I also remember reading about the scandal that ended the restaurant, a story I recently revisited watching the documentary Bad Vegan. The owner was young and glamorous and had the savvy to run a Manhattan hotspot that specialized in world-class food and clientele. She was also a good person. She gave free meals to friends in need, including a writer acquaintance of mine who was struggling financially.
Then she became romantically involved with a sketchy guy who wore Rolexes and flashed money and claimed to make his fortune in black ops and other things. The kind of guy whom everyone could see was bad news. And, no, he wasn’t even attractive.
He scammed her into crime and out of money until she lost the restaurant and ended up in prison.
What drew this woman-with-everything to this guy? Loneliness, low self-esteem, imposter syndrome? It’s not entirely clear even after viewing the doc. Not everything is knowable about people.
Some of us may be more mysterious than others, but I believe there lies mystery inside pretty much everyone—things even those closest to them don’t understand. I feel that way about my wife and daughter, for example. And I bet they feel that way about me.
When we’re telling stories, true or made-up, it’s a good thing to keep in mind.
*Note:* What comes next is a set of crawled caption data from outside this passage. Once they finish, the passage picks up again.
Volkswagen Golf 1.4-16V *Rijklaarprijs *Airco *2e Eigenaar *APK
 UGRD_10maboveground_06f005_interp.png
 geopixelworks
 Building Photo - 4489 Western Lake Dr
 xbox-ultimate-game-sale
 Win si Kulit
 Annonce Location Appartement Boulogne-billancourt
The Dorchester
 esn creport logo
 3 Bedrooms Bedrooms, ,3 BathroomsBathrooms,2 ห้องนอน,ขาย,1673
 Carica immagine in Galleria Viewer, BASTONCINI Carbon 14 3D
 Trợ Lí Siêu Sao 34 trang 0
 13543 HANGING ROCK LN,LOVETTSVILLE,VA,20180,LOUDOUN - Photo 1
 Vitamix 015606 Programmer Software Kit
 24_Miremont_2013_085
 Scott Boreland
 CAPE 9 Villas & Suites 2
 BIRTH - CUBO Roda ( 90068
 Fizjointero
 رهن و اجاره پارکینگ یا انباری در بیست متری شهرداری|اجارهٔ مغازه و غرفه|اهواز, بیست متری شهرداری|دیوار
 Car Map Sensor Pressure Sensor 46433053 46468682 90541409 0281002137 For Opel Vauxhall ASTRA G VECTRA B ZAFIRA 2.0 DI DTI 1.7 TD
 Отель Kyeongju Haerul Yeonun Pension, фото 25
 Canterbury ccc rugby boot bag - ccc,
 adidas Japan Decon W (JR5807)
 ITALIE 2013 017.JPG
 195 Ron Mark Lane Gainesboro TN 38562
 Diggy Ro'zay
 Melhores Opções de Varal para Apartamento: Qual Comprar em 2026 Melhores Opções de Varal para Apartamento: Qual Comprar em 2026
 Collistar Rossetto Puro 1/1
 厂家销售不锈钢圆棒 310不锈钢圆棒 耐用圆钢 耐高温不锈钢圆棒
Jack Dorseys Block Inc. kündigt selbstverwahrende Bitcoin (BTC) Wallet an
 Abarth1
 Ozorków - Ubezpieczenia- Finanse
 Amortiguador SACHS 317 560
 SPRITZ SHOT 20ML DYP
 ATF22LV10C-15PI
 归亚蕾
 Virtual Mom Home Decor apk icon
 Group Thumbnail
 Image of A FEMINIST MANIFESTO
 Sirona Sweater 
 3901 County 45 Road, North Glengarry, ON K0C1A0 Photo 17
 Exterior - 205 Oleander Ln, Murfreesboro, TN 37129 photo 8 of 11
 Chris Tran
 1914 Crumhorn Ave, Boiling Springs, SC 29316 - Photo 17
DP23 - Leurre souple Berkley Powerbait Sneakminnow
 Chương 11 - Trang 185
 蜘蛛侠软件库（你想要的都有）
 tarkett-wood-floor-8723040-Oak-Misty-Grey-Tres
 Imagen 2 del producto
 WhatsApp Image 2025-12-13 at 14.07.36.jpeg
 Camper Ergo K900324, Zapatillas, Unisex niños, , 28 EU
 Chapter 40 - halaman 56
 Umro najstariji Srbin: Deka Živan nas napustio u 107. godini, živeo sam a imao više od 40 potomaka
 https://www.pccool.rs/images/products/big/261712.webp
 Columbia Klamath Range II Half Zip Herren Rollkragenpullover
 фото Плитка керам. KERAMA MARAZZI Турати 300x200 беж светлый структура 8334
What is the mystery of a character—a hidden hole, an unseen flaw, a secret no one can know? The mystery doesn’t need to be explained (like Rosebud in Citizen Kane); it’s enough that it’s there.
Do you fully understand Heathcliff and Catherine in Wuthering Heights? Captain Willard and Colonel Kurtz in Apocalypse Now? Celie in The Color Purple? Don in Mad Men?
I’m reminded of another documentary, Jacob, about a guy who used to teach for Gotham, Jacob Appel—along with being a prolific writer, he’s a doctor, psychiatrist, lawyer, and tour guide with nine advanced degrees. I wrote about him here. The filmmaker is asking Jacob questions, attempting to find what drives him, what makes him who he is. Jacob, resistant to too much probing, says something to the effect: If you peel the onion too far, there’s nothing left.